An Olympics is pretty unique because you’re in an Athletes Village surrounded by all of the world’s most incredible athletes in all their different sports. There are all these super-humans just walking around and then to actually realise that you are one of them is very, very surreal.
But with everything that surrounds the Games, starting with the training camp, you are made to feel quite special. All you have to do is the training. There’s no day-to-day grind to deal with and you have a clear path to just focus on the job in hand.
We raced at 6pm in the evening, which was another curveball, because normally we’re used to running in the morning. It was like: “What do we eat?” I think I ate three bowls of porridge throughout the day. Then, on the start line, it was 40 degrees and the new tarmac road was giving off 50 degrees, so it was really intense.

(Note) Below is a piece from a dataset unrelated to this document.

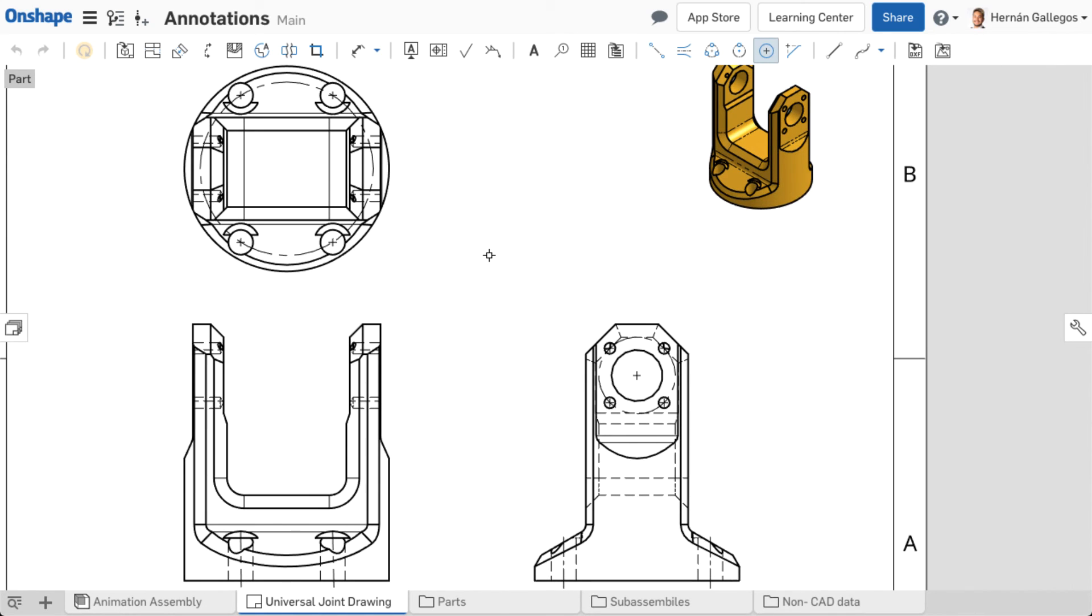Virtual sharps represent the point where two linear edges would meet, but there is a rounded or filleted edge instead. This is very useful to show where the lines would meet in order to be manufactured.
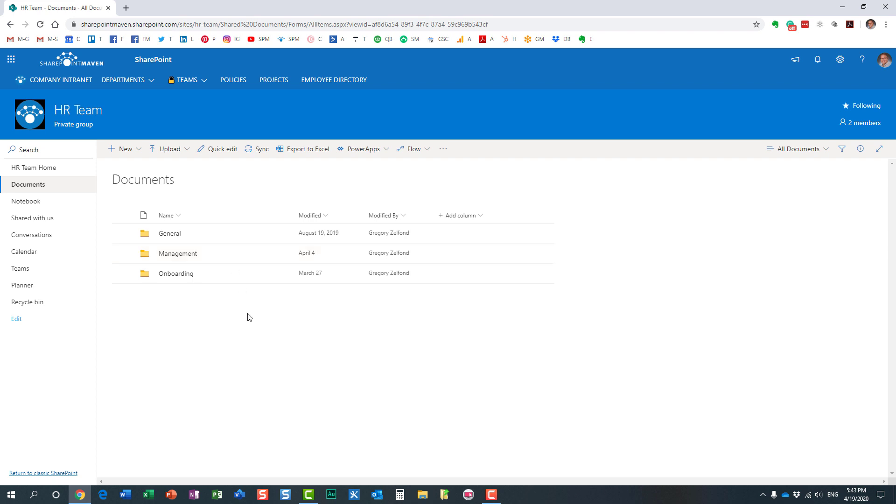Well, luckily we have a solution for that in SharePoint. What you can do, there are two columns you can display that will show you the number of folders that you have inside of that folder and also the number of files that you have inside of that folder. Let me show you how to do that.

Paula was expected to do extremely well so there was a lot of stress and pressure surrounding her at that time. I could just sink into the background. I was nervous, of course, but I was excited. And I like extreme conditions because people who are usually at the front may not be and some people can do well in those kinds of conditions. I liked that unknown entity from the challenge that Athens threw up.

I did the best I could have done on the day. My time was nine minutes slower than my best from Berlin, but I didn’t really slow down significantly. I ran a fairly even-paced race, and I was the first Brit home. I didn’t know until afterwards that Paula had been forced to drop out.
If I had been wiser and I’d done more marathons, I possibly could have run faster, but I was fairly inexperienced so it was a really good springboard to prepare properly for Beijing four years later. It wasn’t to be there because I got tripped at the 15km mark but I was in the shape of my life going into those Games.

I loved the fact that, in Athens, we were supposedly running on the original route. We were finishing in the Panathenaic, the original Olympic stadium. Initially, I was a bit disappointed that we weren’t finishing in the main athletics stadium, but coming into that was incredible. I can still picture it now, running around, thinking what had gone on in that stadium years and years ago. It was just really fitting. A real privilege for my first Olympics and my second-ever marathon.